How many different words can be formed by jumbling the letters in the word MISSISSIPPI in which no two S are adjacent? (A) `7.^6C_4.^8C_4` (B) `8.^6C_4.^7C_4` (C) `6.7.^8C_4` (D) `6.8.^7C_4`

To solve the problem of how many different words can be formed by jumbling the letters in the word "MISSISSIPPI" such that no two 'S's are adjacent, we can follow these steps: ### Step 1: Count the total letters and their frequencies The word "MISSISSIPPI" consists of the following letters: - M: 1 - I: 4 - S: 4 - P: 2 The total number of letters is 11. ### Step 2: Arrange the letters excluding 'S' First, we will arrange the letters without the 'S's. The letters we have are M, I, I, I, I, P, P. The total number of ways to arrange these 7 letters is given by the formula for permutations of multiset: \[ \text{Number of arrangements} = \frac{7!}{4! \cdot 2!} \] Where: - \(7!\) is the factorial of the total letters (M, I, I, I, I, P, P). - \(4!\) accounts for the indistinguishable I's. - \(2!\) accounts for the indistinguishable P's.
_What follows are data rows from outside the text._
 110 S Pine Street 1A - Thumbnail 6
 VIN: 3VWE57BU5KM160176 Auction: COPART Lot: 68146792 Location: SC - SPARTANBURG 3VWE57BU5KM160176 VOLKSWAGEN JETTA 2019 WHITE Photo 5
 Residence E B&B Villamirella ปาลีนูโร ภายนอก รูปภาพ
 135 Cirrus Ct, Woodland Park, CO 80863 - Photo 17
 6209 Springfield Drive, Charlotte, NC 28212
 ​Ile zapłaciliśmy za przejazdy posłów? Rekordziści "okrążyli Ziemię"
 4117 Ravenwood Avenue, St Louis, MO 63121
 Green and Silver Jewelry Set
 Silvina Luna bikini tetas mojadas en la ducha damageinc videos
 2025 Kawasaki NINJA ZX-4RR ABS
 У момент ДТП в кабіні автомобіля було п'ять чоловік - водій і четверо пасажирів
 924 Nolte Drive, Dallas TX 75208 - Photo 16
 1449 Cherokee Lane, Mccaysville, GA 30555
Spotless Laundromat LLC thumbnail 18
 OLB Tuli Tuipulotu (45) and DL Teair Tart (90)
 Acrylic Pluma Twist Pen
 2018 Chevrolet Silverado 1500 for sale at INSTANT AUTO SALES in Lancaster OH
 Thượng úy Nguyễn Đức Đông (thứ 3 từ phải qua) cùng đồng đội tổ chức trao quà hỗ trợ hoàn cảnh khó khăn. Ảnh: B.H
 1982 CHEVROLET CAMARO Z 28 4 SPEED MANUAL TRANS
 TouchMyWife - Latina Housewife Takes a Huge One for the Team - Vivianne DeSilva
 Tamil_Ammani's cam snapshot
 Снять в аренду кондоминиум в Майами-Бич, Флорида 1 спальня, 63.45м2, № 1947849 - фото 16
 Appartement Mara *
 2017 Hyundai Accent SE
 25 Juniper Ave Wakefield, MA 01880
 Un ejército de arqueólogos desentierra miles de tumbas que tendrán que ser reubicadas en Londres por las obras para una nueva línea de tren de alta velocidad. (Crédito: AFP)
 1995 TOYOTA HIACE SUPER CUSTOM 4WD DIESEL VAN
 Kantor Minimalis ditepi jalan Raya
Calculating this: \[ \frac{7!}{4! \cdot 2!} = \frac{5040}{24 \cdot 2} = \frac{5040}{48} = 105 \] ### Step 3: Determine positions for 'S's Now we need to place the 4 'S's such that no two 'S's are adjacent. After arranging the 7 letters (M, I, I, I, I, P, P), we create gaps where we can place 'S's. The arrangement of the 7 letters creates 8 potential gaps (before the first letter, between letters, and after the last letter). For example, if we arrange the letters as: _ M _ I _ I _ I _ I _ P _ P _ This creates 8 gaps (indicated by underscores). ### Step 4: Choose gaps for 'S's We need to choose 4 out of these 8 gaps to place the 'S's. The number of ways to choose 4 gaps from 8 is given by the combination formula: \[ \binom{8}{4} \] Calculating this: \[ \binom{8}{4} = \frac{8!}{4! \cdot 4!} = \frac{40320}{24 \cdot 24} = \frac{40320}{576} = 70 \] ### Step 5: Calculate the total arrangements Now, we multiply the number of arrangements of the letters without 'S's by the number of ways to place the 'S's: \[ \text{Total arrangements} = 105 \cdot 70 = 7350 \] ### Conclusion Thus, the total number of different words that can be formed by jumbling the letters in "MISSISSIPPI" such that no two 'S's are adjacent is **7350**.